▶ **Exercise instructions**
The reply should contain every line of the data, repeated exactly, and no pictures.

▶ **Provided material**

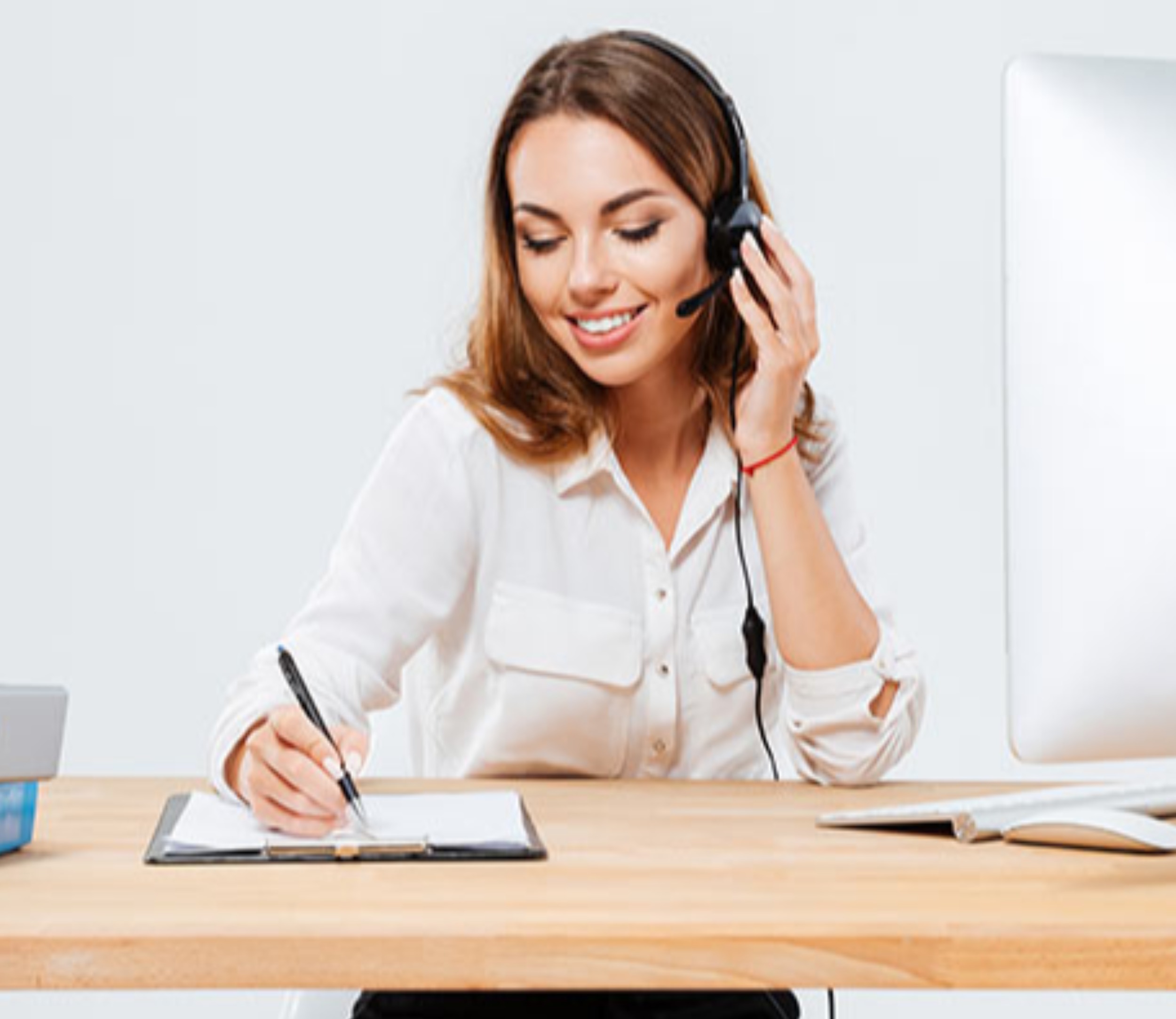 Se solicita secretaria y personal  con experiencia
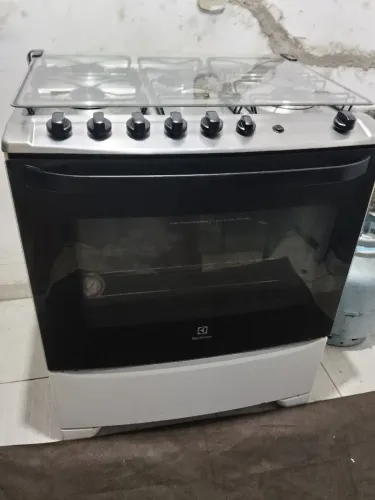 Fogão semi novo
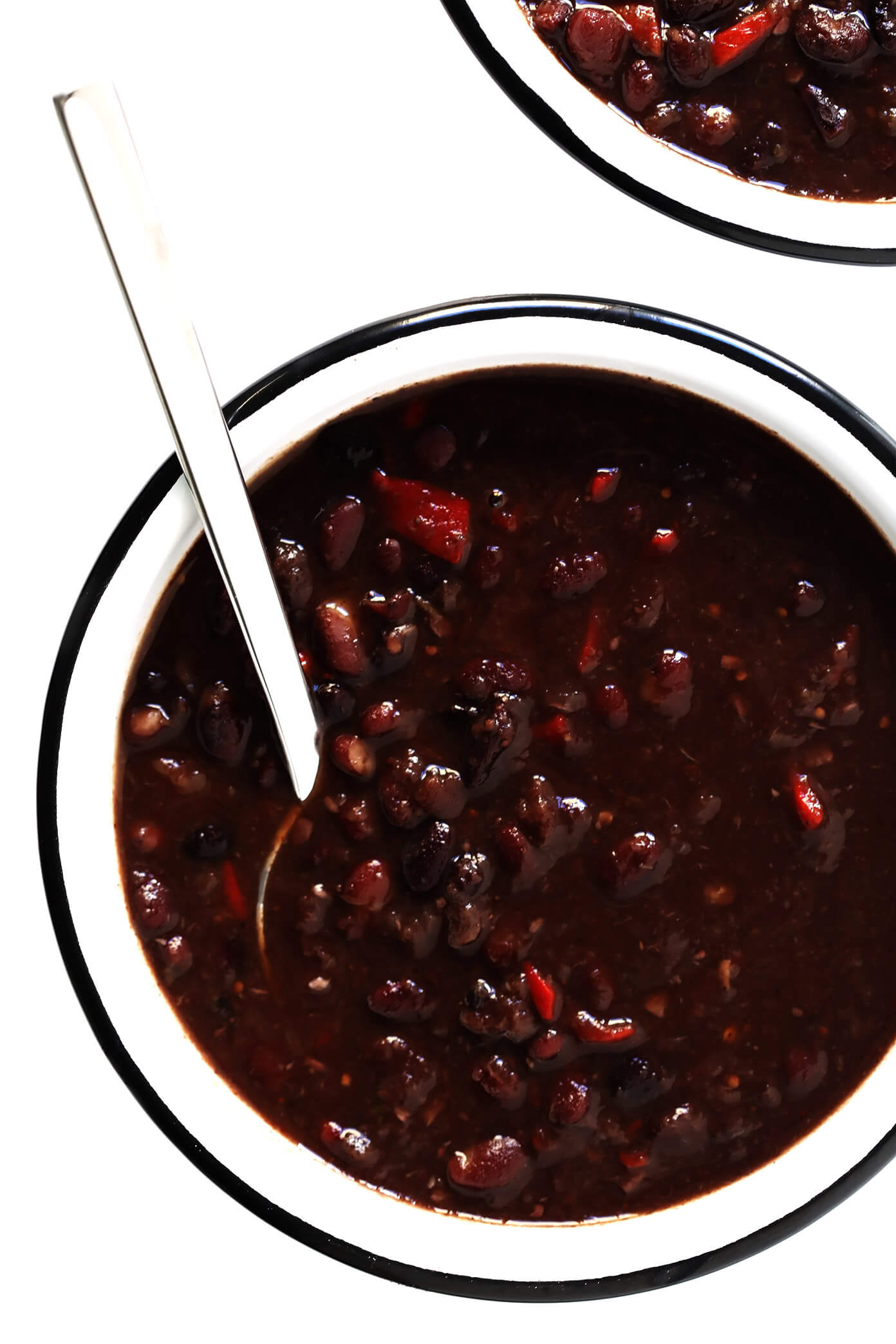 The BEST Black Bean Chili recipe! It's easy to make in the Instant Pot or Crock-Pot or stovetop, it's naturally gluten-free, vegan and vegetarian, and it's full of the most delicious zesty Mexican flavors. | Gimme Some Oven #blackbeanchili #mealprep #vegetarianchili #veganchili #instantpotchili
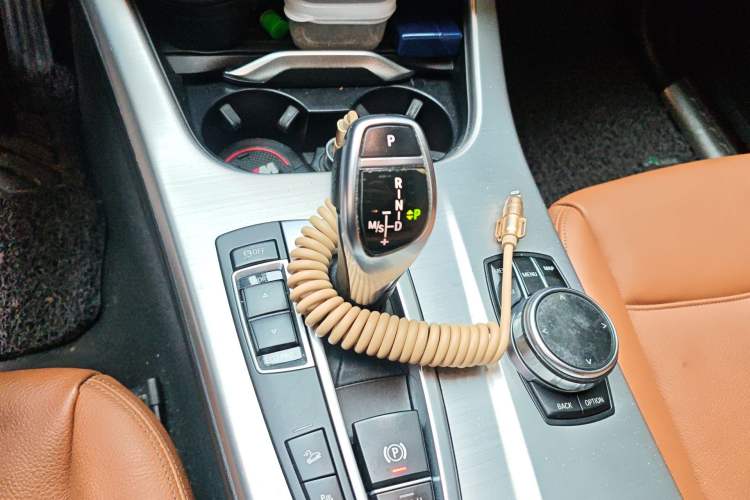 Used BMW X4 2014 xDrive28i Leading Model Gear Lever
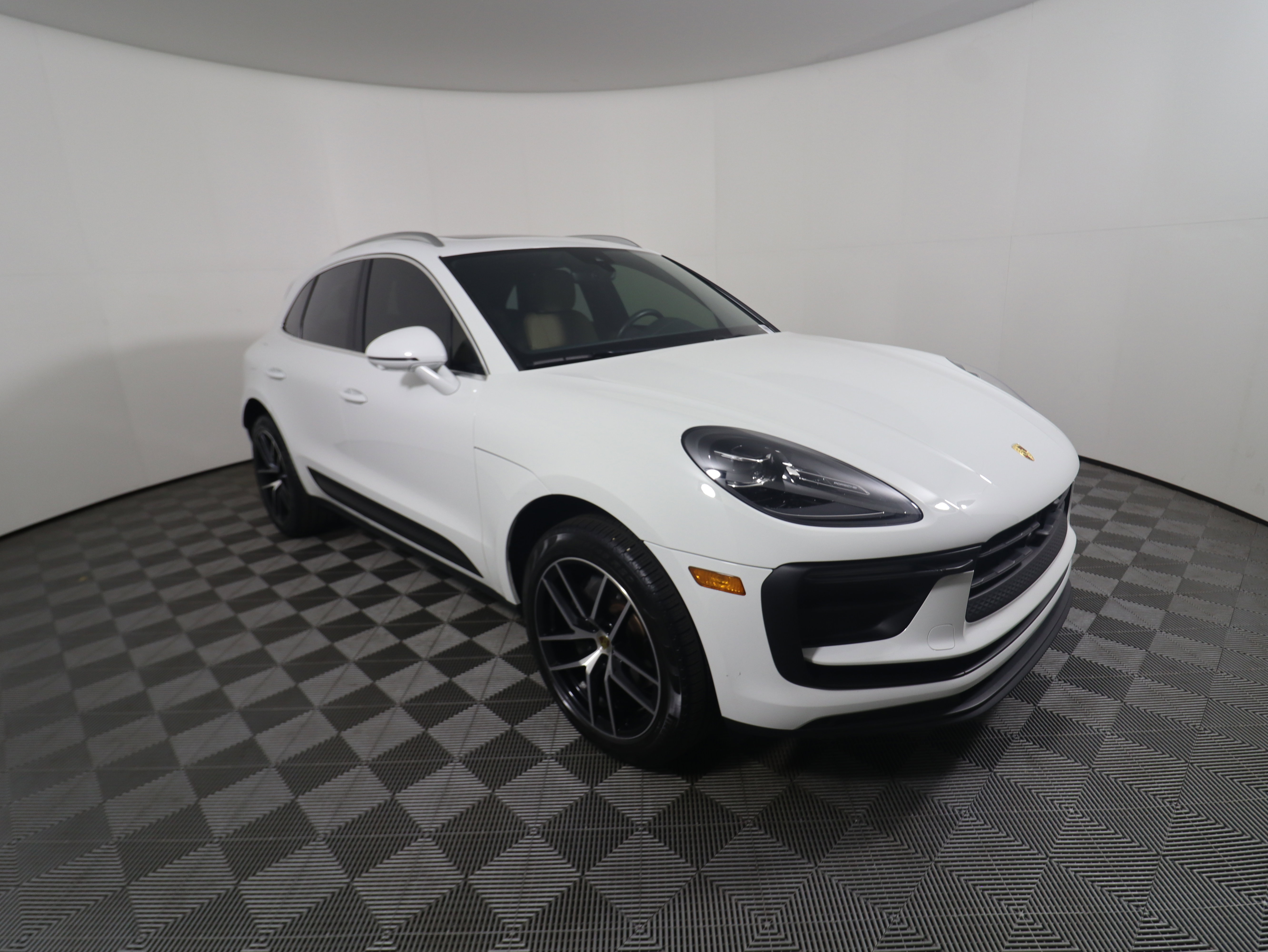 Used 2023 Porsche Macan image 7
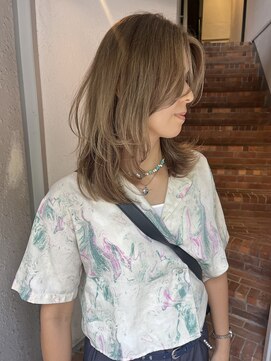 ジェスター(JESTER) 〈atsuno〉ふんわりミディアムとニュアンスベージュ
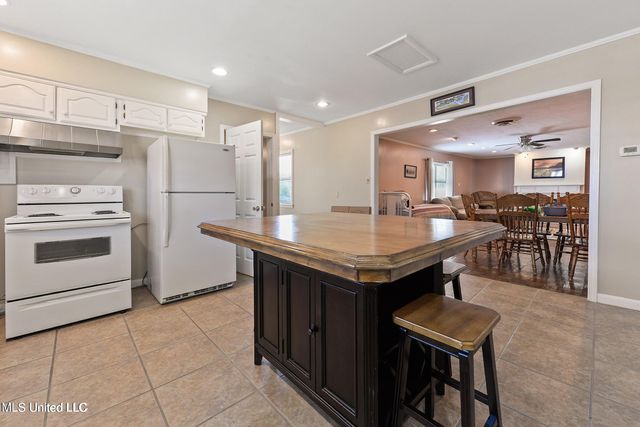 3309 Mary Walker Drive, Gautier, MS 39553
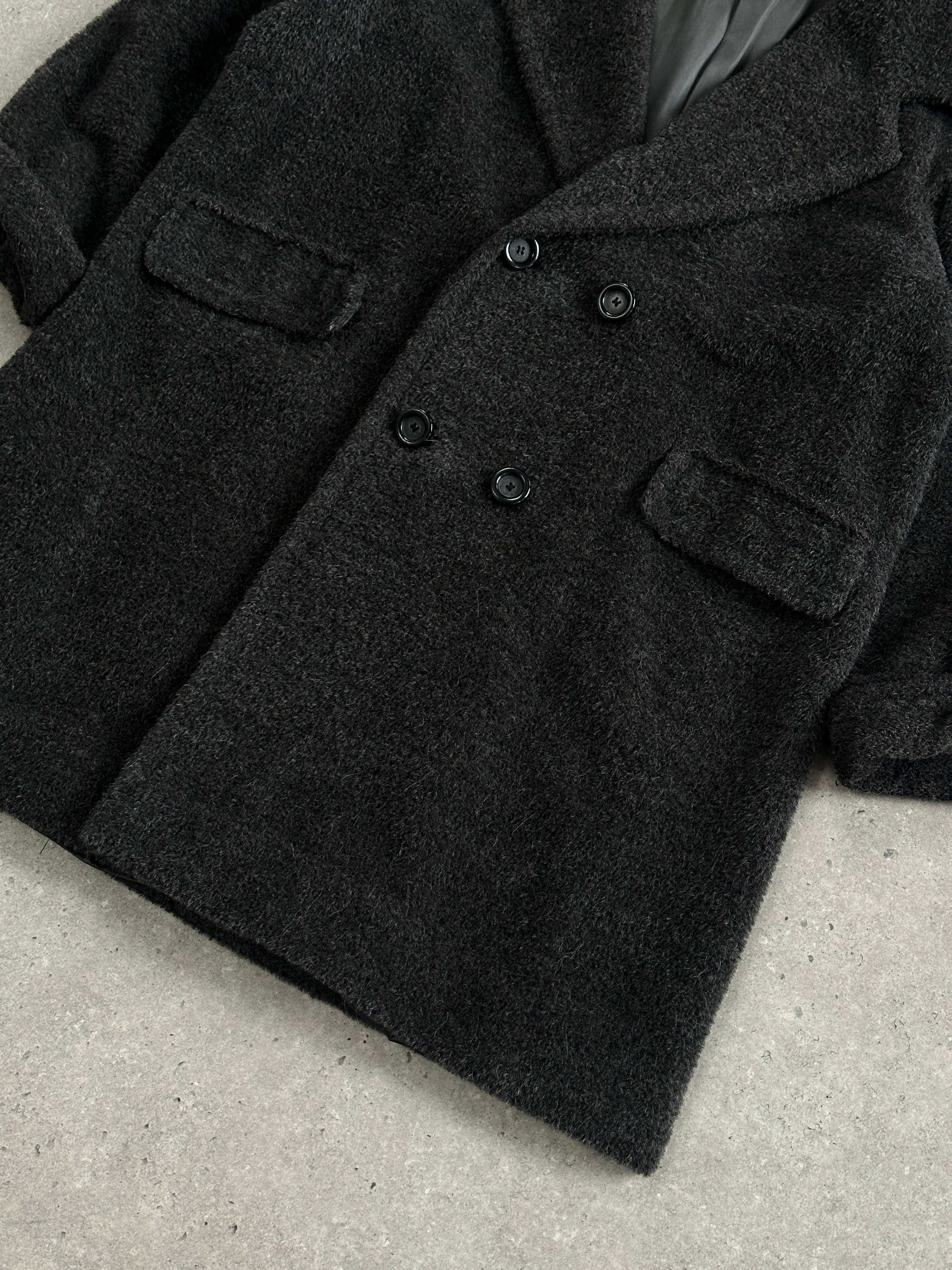 Max Mara 1990s alpaca wool double-breasted coat in XL, featuring a tailored design and classic style.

▶ **Solution for this task**
 Se solicita secretaria y personal  con experiencia
 Fogão semi novo
 The BEST Black Bean Chili recipe! It's easy to make in the Instant Pot or Crock-Pot or stovetop, it's naturally gluten-free, vegan and vegetarian, and it's full of the most delicious zesty Mexican flavors. | Gimme Some Oven #blackbeanchili #mealprep #vegetarianchili #veganchili #instantpotchili
 Used BMW X4 2014 xDrive28i Leading Model Gear Lever
 Used 2023 Porsche Macan image 7
 ジェスター(JESTER) 〈atsuno〉ふんわりミディアムとニュアンスベージュ
 3309 Mary Walker Drive, Gautier, MS 39553
 Max Mara 1990s alpaca wool double-breasted coat in XL, featuring a tailored design and classic style.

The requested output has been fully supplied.